Searching the internet now, I find the “unlucky” superstition listed in several Swedish web sites. In English, however, the connotations seem to be just the opposite: Purple heather is associated with admiration, beauty and solitude; pink heather with good luck; white heather with protection from danger.

In Britain, the idea that white heather is lucky was popularised by the Victorians.  White heather is less common than purple/pink. Folklore suggests that it grows over the final resting places of faeries, or on patches of ground where no blood had been shed.

The origin of the Swedish superstition I have not been able to find, except that besides death, to have heather indoors also seems to be associated with “inviting poverty”. Perhaps that’s where it comes from: Heather being used by poor people for different purposes, and so becoming a sort of anti-status symbol.(?)

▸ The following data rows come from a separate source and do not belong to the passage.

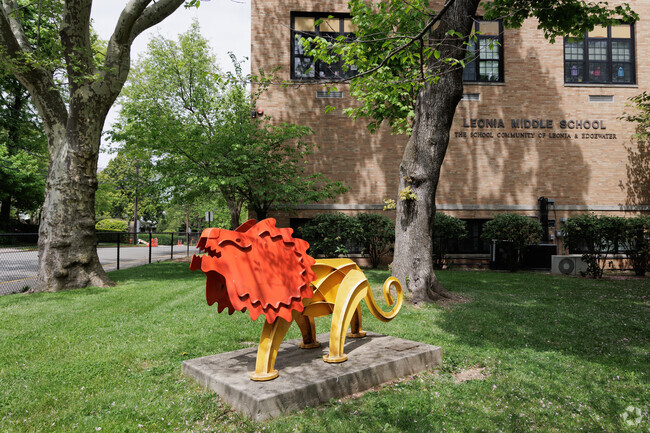 A statue of a lion in front of Leonia Middle School in Leonia, NJ.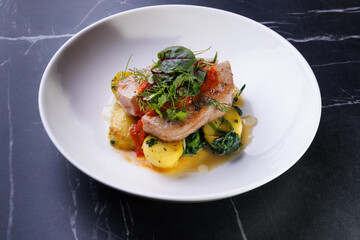 Gourmet Pork With Potatoes and Fresh Greens Plated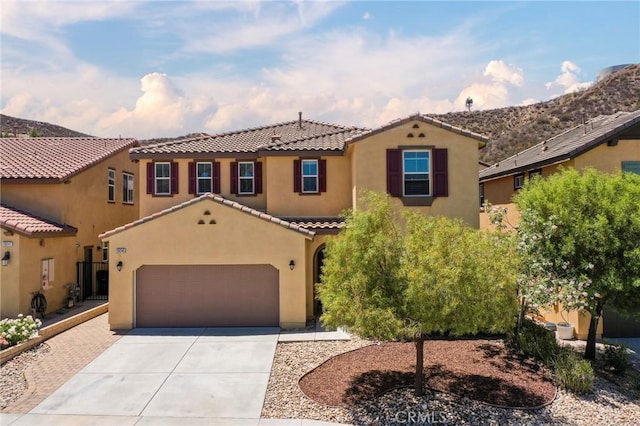 28245 Nield Ct, Saugus, CA 91350 - mediterranean / spanish-style house featuring concrete driveway, stucco siding, a tiled roof, and a garage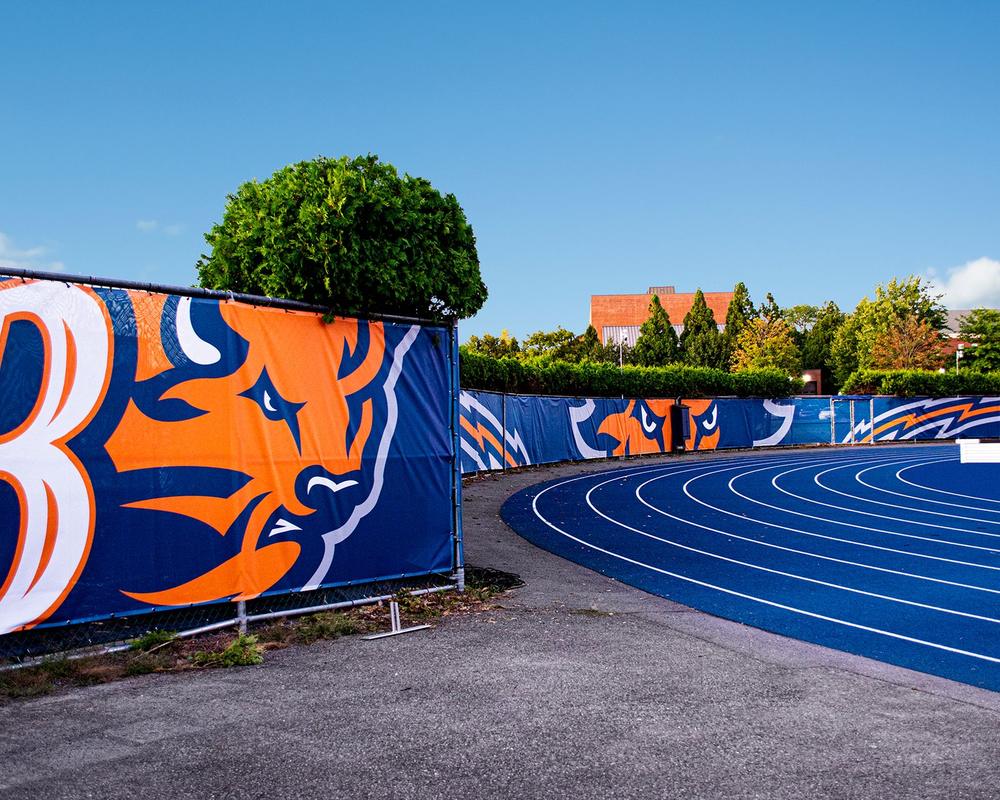 Custom printed athletic windscreen on a stadium track fence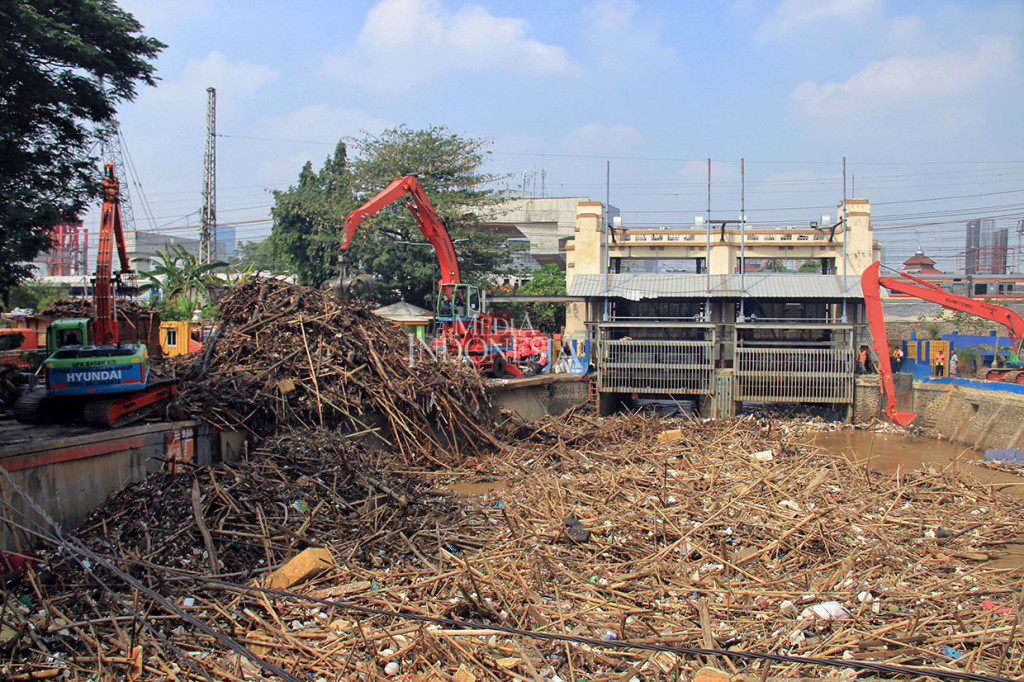 Pekerja UPK Badan Air Dinas Lingkungan Hidup DKI Jakarta menggunakan alat berat membersihkan sampah yang menumpuk di Pintu Air Manggarai, Jalan Tambak, Kecamatan Menteng, Jakarta Pusat, Rabu, 9 Oktober 2019.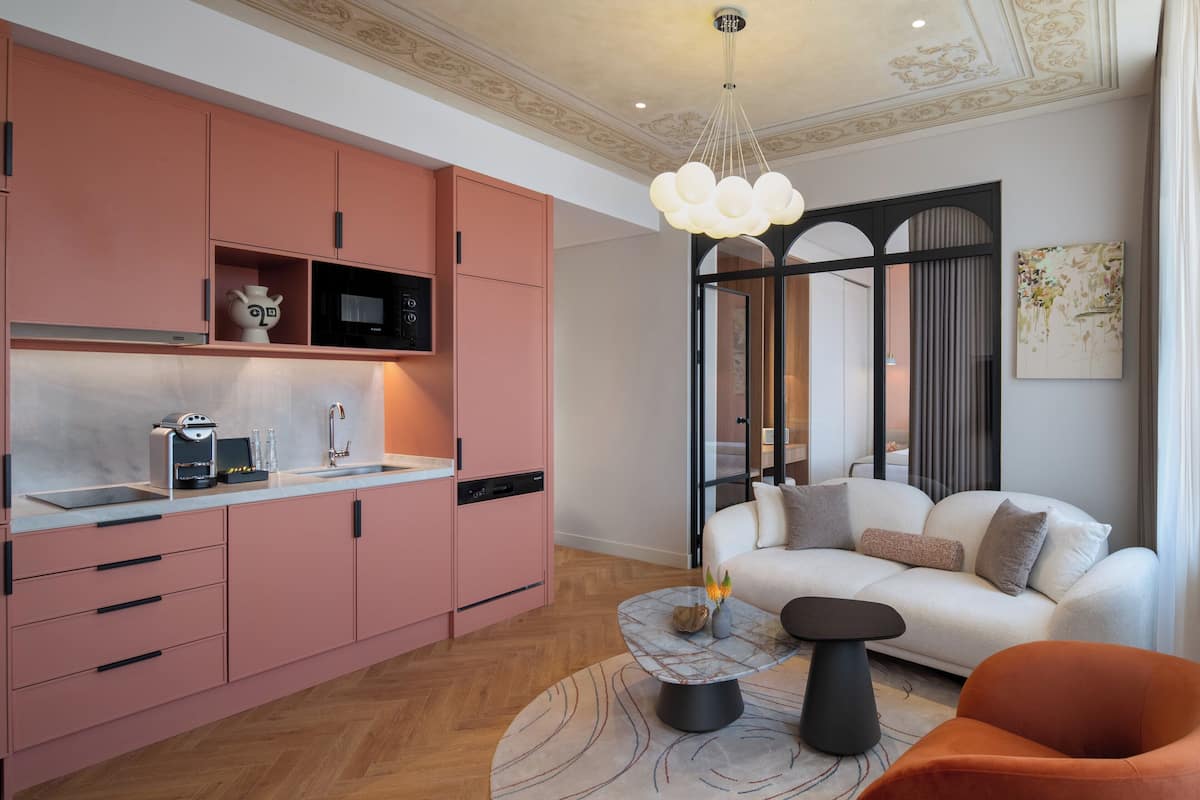 Eine moderne Küche mit rosa Schränken, einer weißen Arbeitsplatte und einer eingebauten Mikrowelle.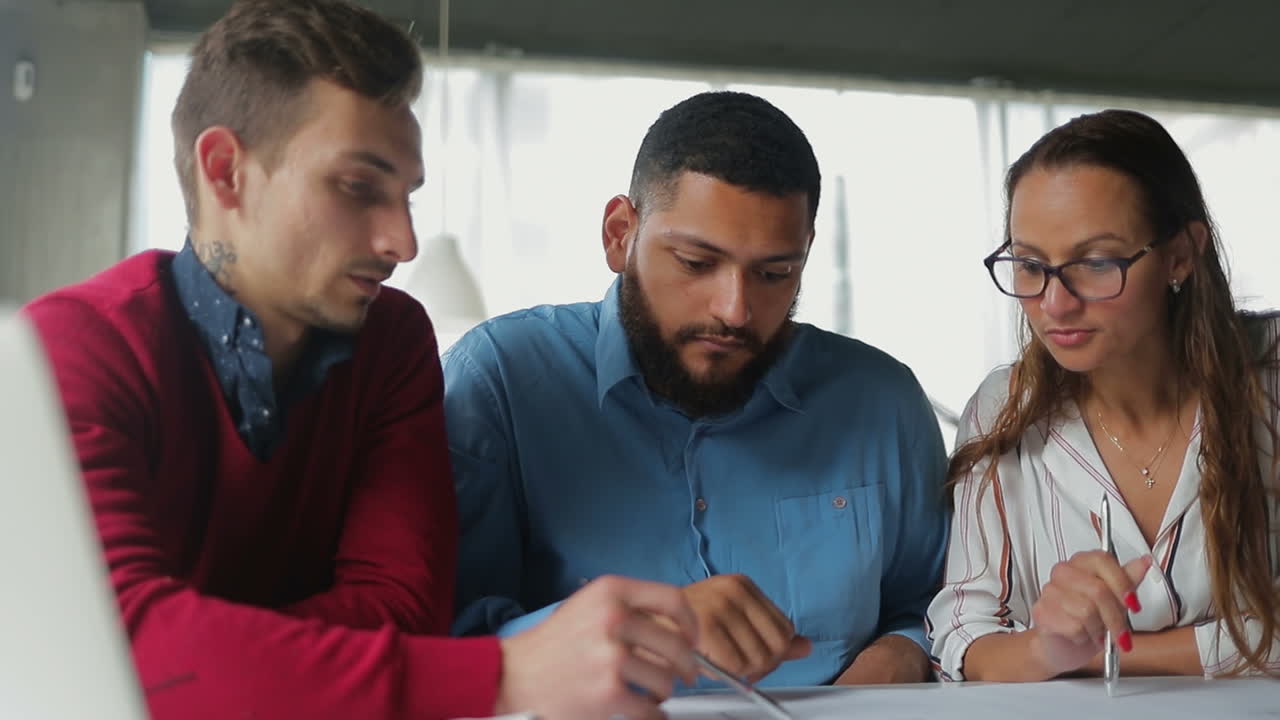 Gruppo di giovani che studiano documenti in ufficio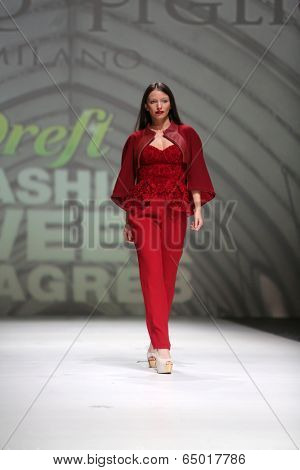 ZAGREB, CROATIA - MAY 09: Fashion model wearing clothes designed by Avaro Figlio on the Zagreb Fashion Week on May 09, 2014 in Zagreb, Croatia.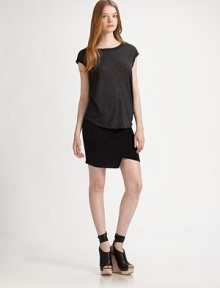 The perfect layering piece - smooth fabric with a contemporary rounded hem. BoatneckShort cap sleevesU-shaped hem60% cotton/40% polyesterDry cleanMade in USAModel shown is 5'10 (177cm) wearing US size Small. The perfect layering piece - smooth fabric with a contemporary rounded hem. BoatneckShort cap sleevesU-shaped hem60% cotton/40% polyesterDry cleanMade in USAModel shown is 5'10 (177cm) wearing US size Small.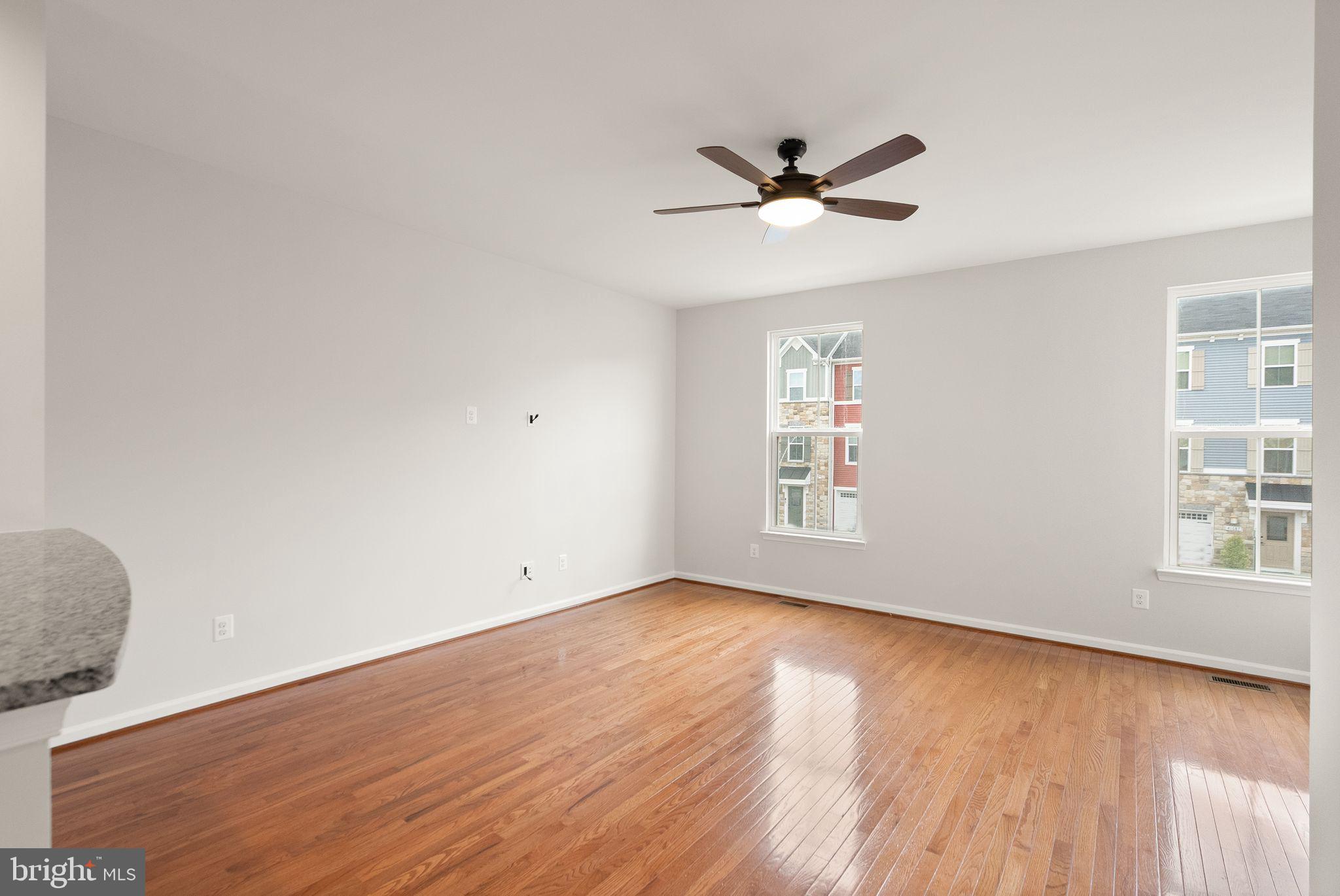 41688 McMonagle Square Aldie, VA 20105 - Photo 31 of 59 a view of an empty room with wooden floor and a window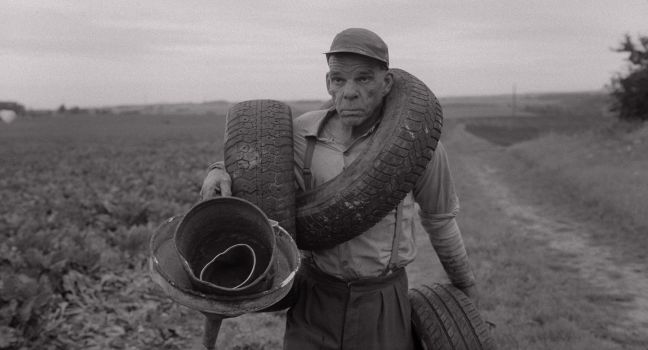 Karl-Göran läuft auf dem Feldweg, drei Autoreifen über seinen Körper gelegt mit verschiedenen Metallteilen in der Hand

The Latin name is Calluna Vulgaris. Calluna is derived from a Greek word meaning 'to sweep', and the plant was used to make brooms. Vulgaris means 'common'.

Anyway, I just love that street decoration in the top photo above: the heather in the old milk can, which I found outside a shop in town.

The second picture is from a garden center, just to show you that we do buy lots of it – although I think still mostly for outdoors use.

PS. I forgot to add: In Sweden each province is represented by a flower or plant, and heather is the province flower of Västergötland, where I live. 

 


 

4 comments:

GB said...

The moors covered in heather here are so beautiful I cannot understand any attribute other than a good one being attached to it.

Ginny said...

I love the street decoration, as well, so, so charming! And I love the garden center shot, outstanding color with all those rows of heather! I loved the strange information. When I think of heather, I think that it grows on the English moors. And in the Gothic romance novels, the beleagured heroine was always running around on the moors, likely as not in a rainstorm and with her nightgown on.

DawnTreader said...

PS. I forgot to add: In Sweden each province is represented by a flower or plant, and heather is the province flower of Västergötland, where I live. [I added that sentence to the end of the post today.]

I can't say that we have exactly the equivalent of the Scottish moors down here in the south west - at least not nowadays. But it's still a common plant here. It also grows far up in the north of Sweden - the fells, or mountain area.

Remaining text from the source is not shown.